This article needs additional citations for verification. (July 2012) (Learn how and when to remove this template message)
|Arthur Karr Gilkey|
September 25, 1926|
August 10, 1953 (aged 26)|
Art (Arthur Karr) Gilkey (1926 – 1953) was an American geologist and mountaineer.
Gilkey was born on September 25, 1926, in Boulder, Colorado, to Herbert J. Gilkey (1890-1976) and Mildred (Talbot) Gilkey, and was raised in Ames, Iowa, where his father was a professor of Engineering. He earned a B.Sc from Iowa State in 1949[clarification needed] and, after a tour of duty in the Navy during World War II, began graduate study in Geology at Columbia University, where he earned an M.Sc. degree in 1950. Prior to his death, Gilkey had completed his doctoral dissertation, “Fracture Pattern of the Zuni Uplift.” His Ph.D. was awarded posthumously.

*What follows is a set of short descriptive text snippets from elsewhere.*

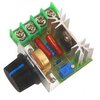 Voltage Regulator.jpg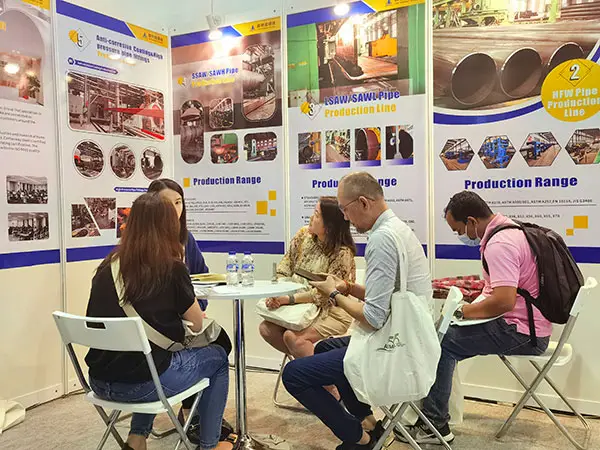 inconel 825 tube,plate flange,s235jr pipe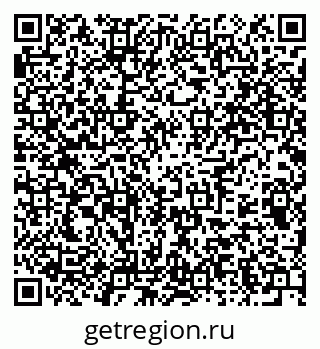 79375112397
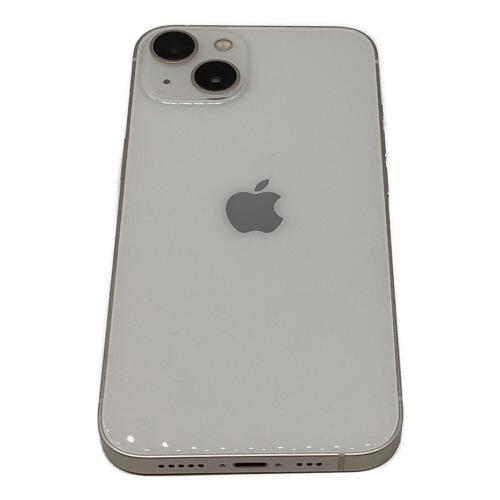 Apple (アップル) iPhone13 MLND3J/A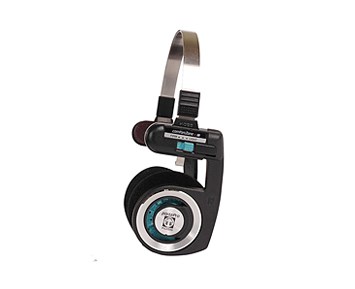 Koss PORTA PRO - Classic
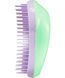 Щетка для волос Tangle Teezer The Original Thick & Curly Pixie Green 5060630046491 фото 2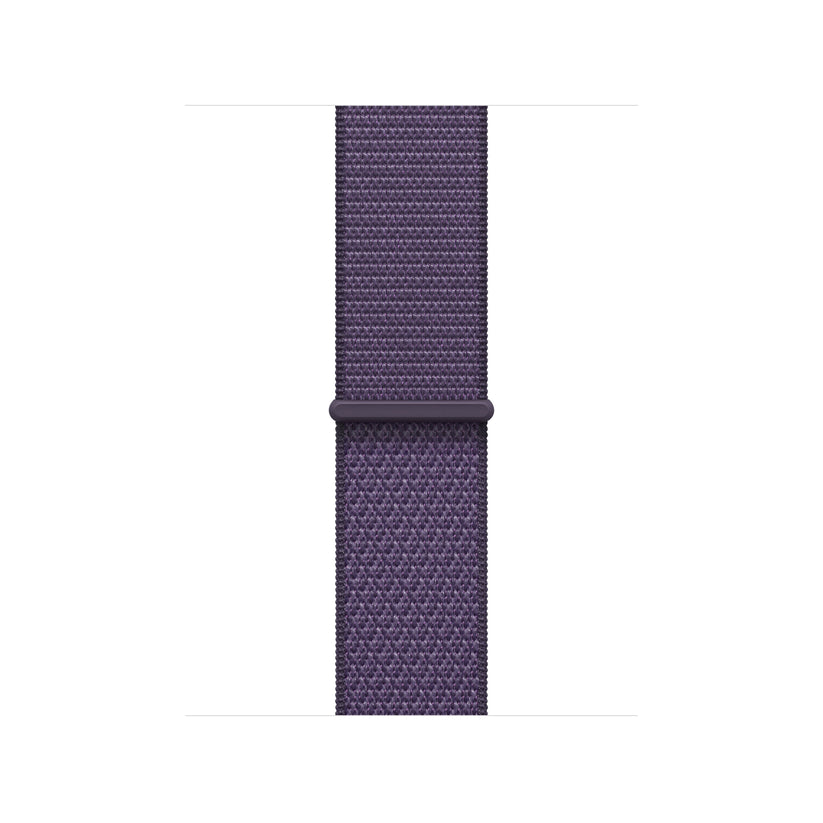 42mm Purple Fog Sport Loop - iSTYLE SI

He explored Alaska in 1950 and 1952, and died during a 1953 American expedition to K2. Approaching the summit, he suffered from thrombophlebitis (blood clots in the leg) or possibly deep venous thrombosis, followed by pulmonary embolism. During an attempt by his fellow climbers (including Charles Houston and Pete Schoening) to bring him down the mountain while he was wrapped in a sleeping bag, Gilkey's body disappeared. Some conjecture he was swept away by an avalanche, others that he untied himself from the ropes and sacrificed himself to spare his teammates from further risk on his behalf. Gilkey's remains were discovered in 1993, melting out of the glacier at the base of the south face of K2.
- The current memorial to deceased climbers situated below K2 was originally built for, and named after, Art Gilkey.
- The American Alpine Club administers the Arthur K. Gilkey Memorial Award, providing grants in aid of scientific research in alpine areas.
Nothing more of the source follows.